This isn’t just a paperwork issue. It’s a legal and financial problem that cuts to the heart of Scientology’s corporate structure, nonprofit compliance, and the myth of growth that David Miscavige has sold to donors and tax authorities alike.
California: Scientology's Stronghold in Collapse
California isn’t just where Scientology began. It’s where the vast majority of its operations are headquartered. PAC Base. Celebrity Centre. The sprawling network of Missions and Orgs that once lined Southern California like Starbucks.
According to official filings, Scientology has incorporated over 130 separate church entities in California since the 1970s. These range from Class V Orgs and Missions to administrative shells and real estate holding companies.
As of mid-2025:
- Over 70% of those California church entities are either suspended, terminated, or have merged out of existence.
- Many were shut down quietly—with no explanation to members or donors.

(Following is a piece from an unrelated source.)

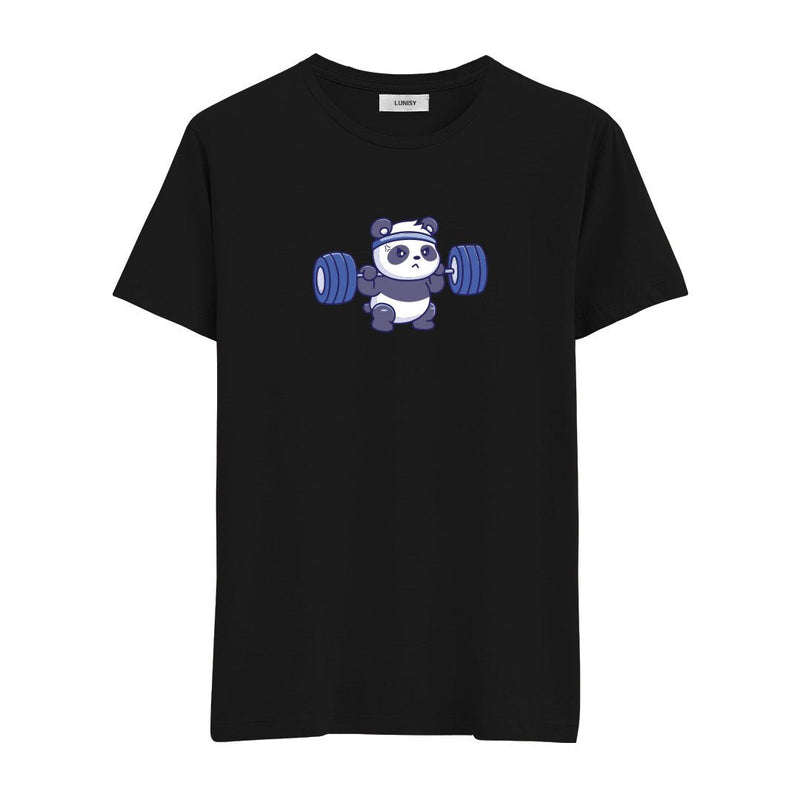 PANDA GYM - REGULAR TSHIRT Spor ve Günlük Kombin - LUNISY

- Some have remained legally suspended for over a decade, yet are still actively listed on Scientology’s website.
Or the Church of Scientology Mission of Redwood City. Also suspended. Still listed. Still portrayed as part of a growing empire.
This isn’t the exception. It’s the pattern.
The Ghost Church Strategy
So why would Scientology keep promoting churches that are legally dead?
Because David Miscavige is selling an illusion. An illusion of growth. Of stability. Of expansion. It doesn’t matter if a mission has no staff, no income, and no legal status. If it serves the narrative, it stays online.
The Church’s public-facing directory is not a neutral listing of all entities. It’s a curated PR tool. Type "California" into their website’s church locator, and you’ll only get a half dozen results. But search by city—Los Angeles, Pasadena, Inglewood, Glendale—and dozens more appear. The system is designed to obscure the reality, not reveal it.
In reality, many of those locations are:
- Run by Sea Org members (despite being presented as local, autonomous churches)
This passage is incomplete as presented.